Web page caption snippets

★ ★ ★

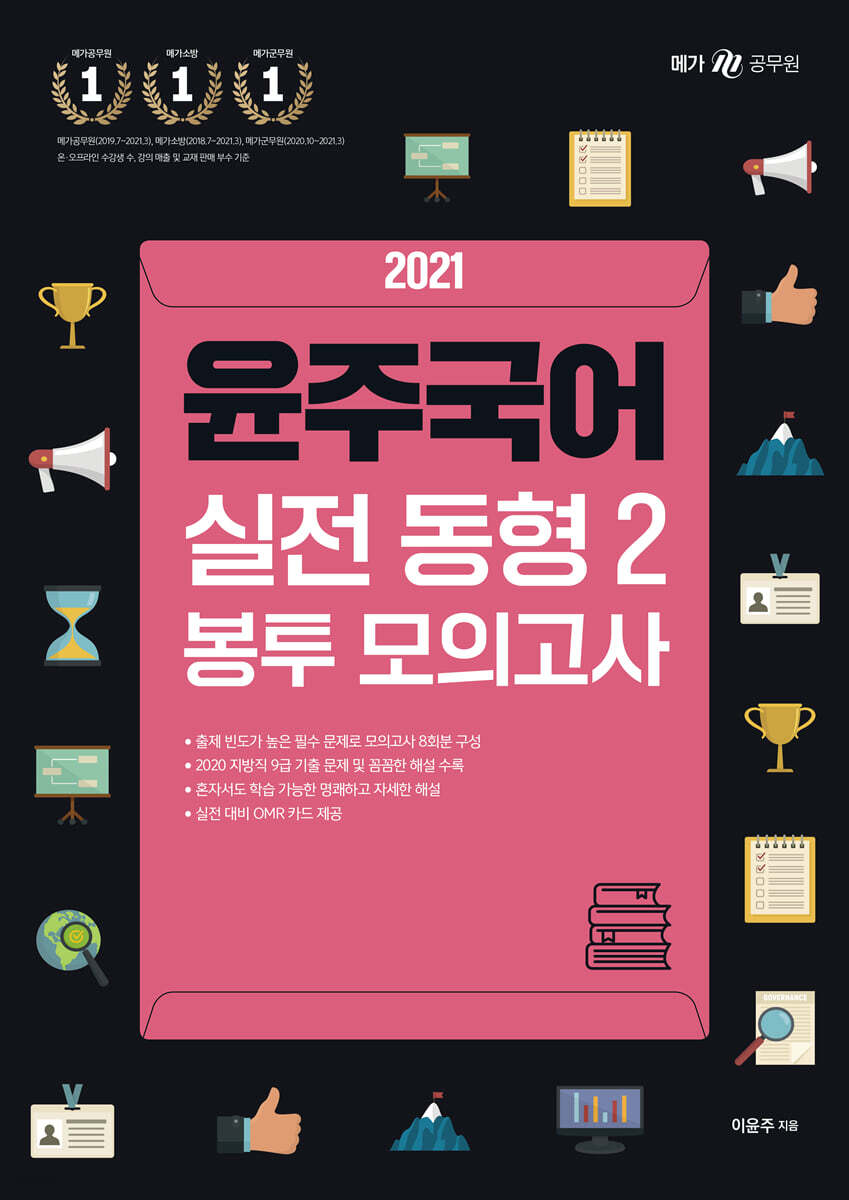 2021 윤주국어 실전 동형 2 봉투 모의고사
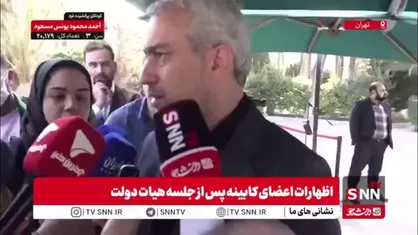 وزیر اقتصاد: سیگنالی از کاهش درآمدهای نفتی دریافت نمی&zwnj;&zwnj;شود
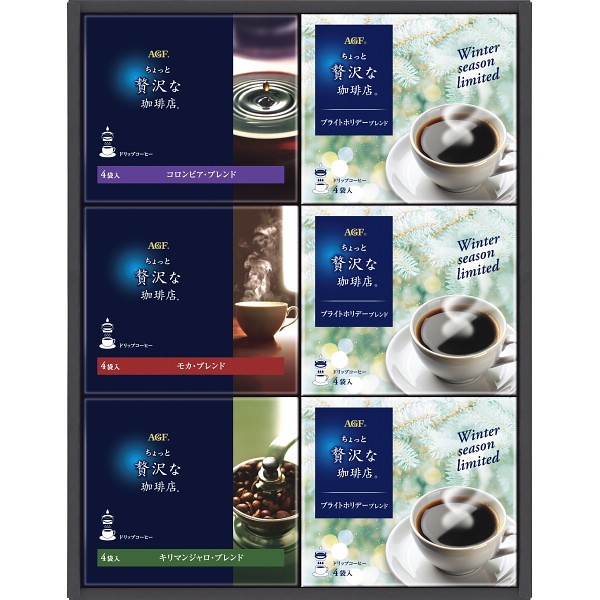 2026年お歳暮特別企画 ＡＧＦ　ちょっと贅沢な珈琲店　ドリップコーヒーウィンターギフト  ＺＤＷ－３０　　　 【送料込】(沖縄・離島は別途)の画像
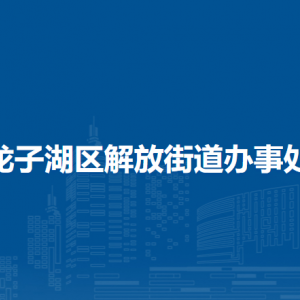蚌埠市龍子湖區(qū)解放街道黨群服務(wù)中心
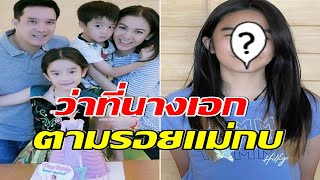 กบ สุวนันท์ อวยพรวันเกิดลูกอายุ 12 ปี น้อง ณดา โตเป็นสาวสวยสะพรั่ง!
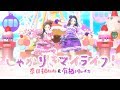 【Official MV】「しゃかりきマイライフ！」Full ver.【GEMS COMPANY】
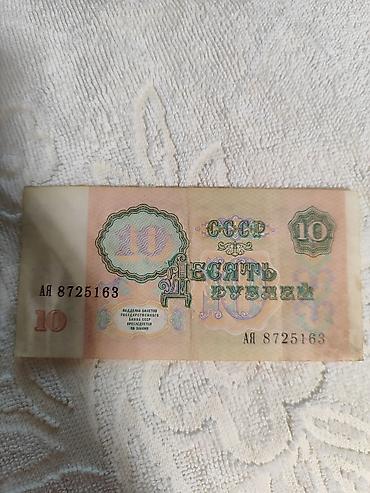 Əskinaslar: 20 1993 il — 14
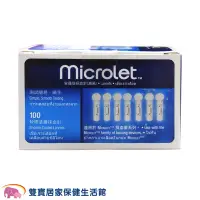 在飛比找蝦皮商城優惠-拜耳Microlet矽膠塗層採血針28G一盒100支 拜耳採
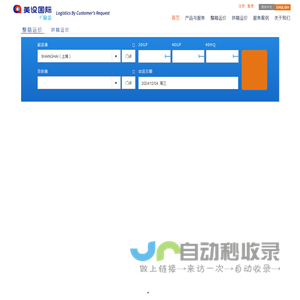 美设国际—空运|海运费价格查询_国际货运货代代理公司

★ ★ ★

#### [What you are asked to do]
Strip out the pictures and quote the remaining data word for word.

#### [Result of this exercise]
 2021 윤주국어 실전 동형 2 봉투 모의고사
 وزیر اقتصاد: سیگنالی از کاهش درآمدهای نفتی دریافت نمی&zwnj;&zwnj;شود
 2026年お歳暮特別企画 ＡＧＦ　ちょっと贅沢な珈琲店　ドリップコーヒーウィンターギフト  ＺＤＷ－３０　　　 【送料込】(沖縄・離島は別途)の画像
蚌埠市龍子湖區(qū)解放街道黨群服務(wù)中心
 กบ สุวนันท์ อวยพรวันเกิดลูกอายุ 12 ปี น้อง ณดา โตเป็นสาวสวยสะพรั่ง!
 【Official MV】「しゃかりきマイライフ！」Full ver.【GEMS COMPANY】
 Əskinaslar: 20 1993 il — 14
 在飛比找蝦皮商城優惠-拜耳Microlet矽膠塗層採血針28G一盒100支 拜耳採
 美设国际—空运|海运费价格查询_国际货运货代代理公司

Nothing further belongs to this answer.